Go through the data and copy every line exactly, but not the images.

AVAILABLE DATA:
------------------------------

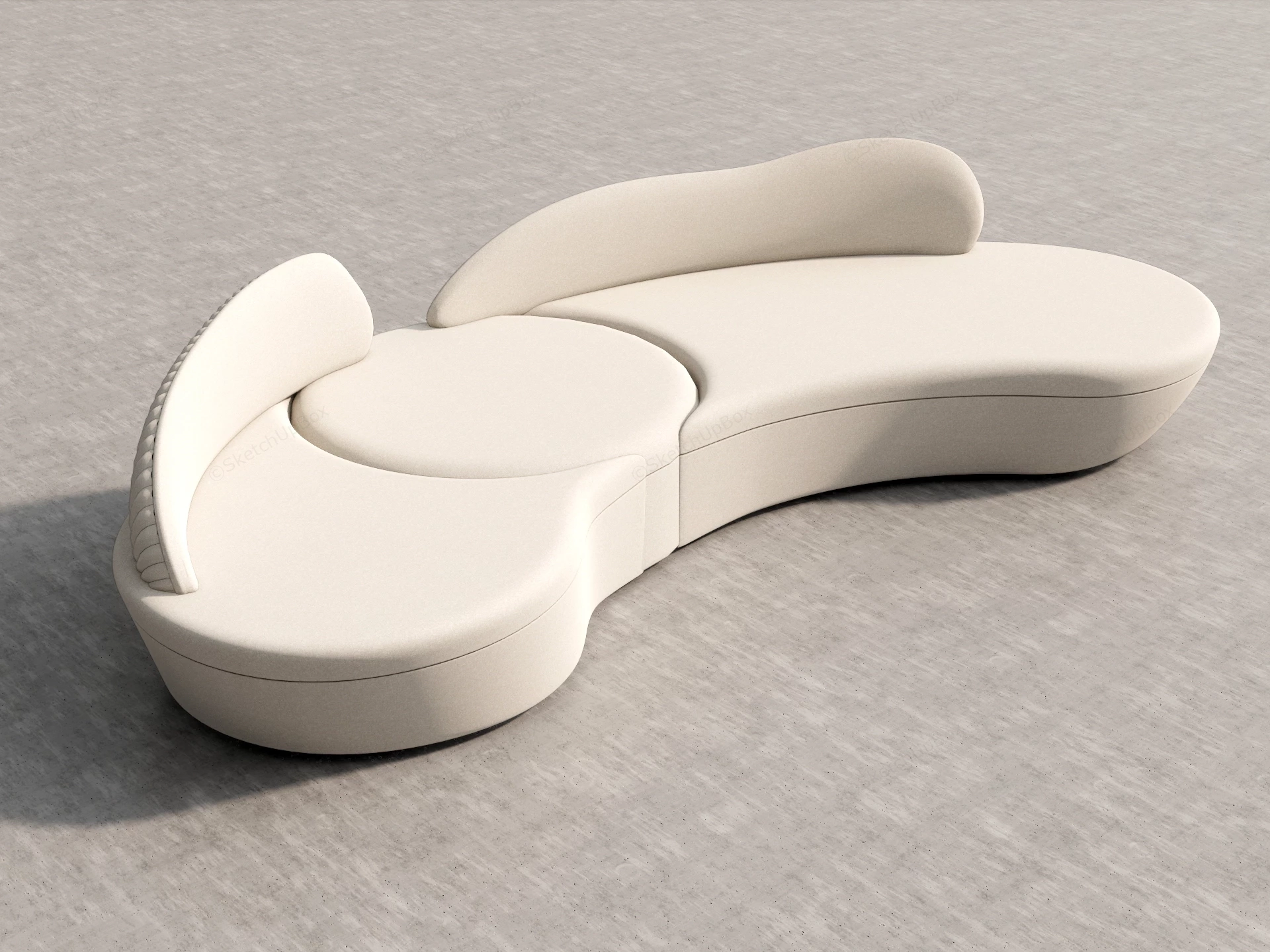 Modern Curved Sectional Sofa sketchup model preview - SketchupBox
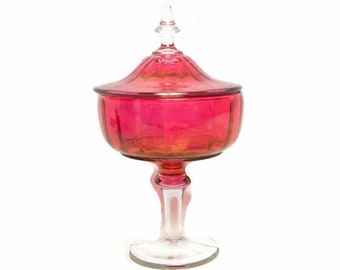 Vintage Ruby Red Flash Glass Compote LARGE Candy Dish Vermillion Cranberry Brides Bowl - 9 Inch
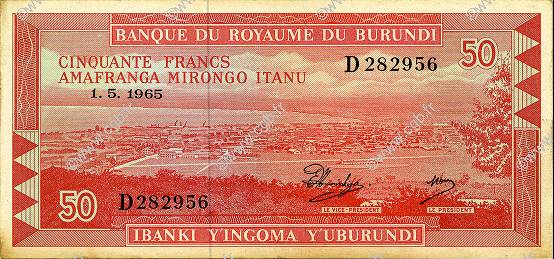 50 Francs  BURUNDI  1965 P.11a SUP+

------------------------------

REPLY:
 Modern Curved Sectional Sofa sketchup model preview - SketchupBox
 Vintage Ruby Red Flash Glass Compote LARGE Candy Dish Vermillion Cranberry Brides Bowl - 9 Inch
 50 Francs  BURUNDI  1965 P.11a SUP+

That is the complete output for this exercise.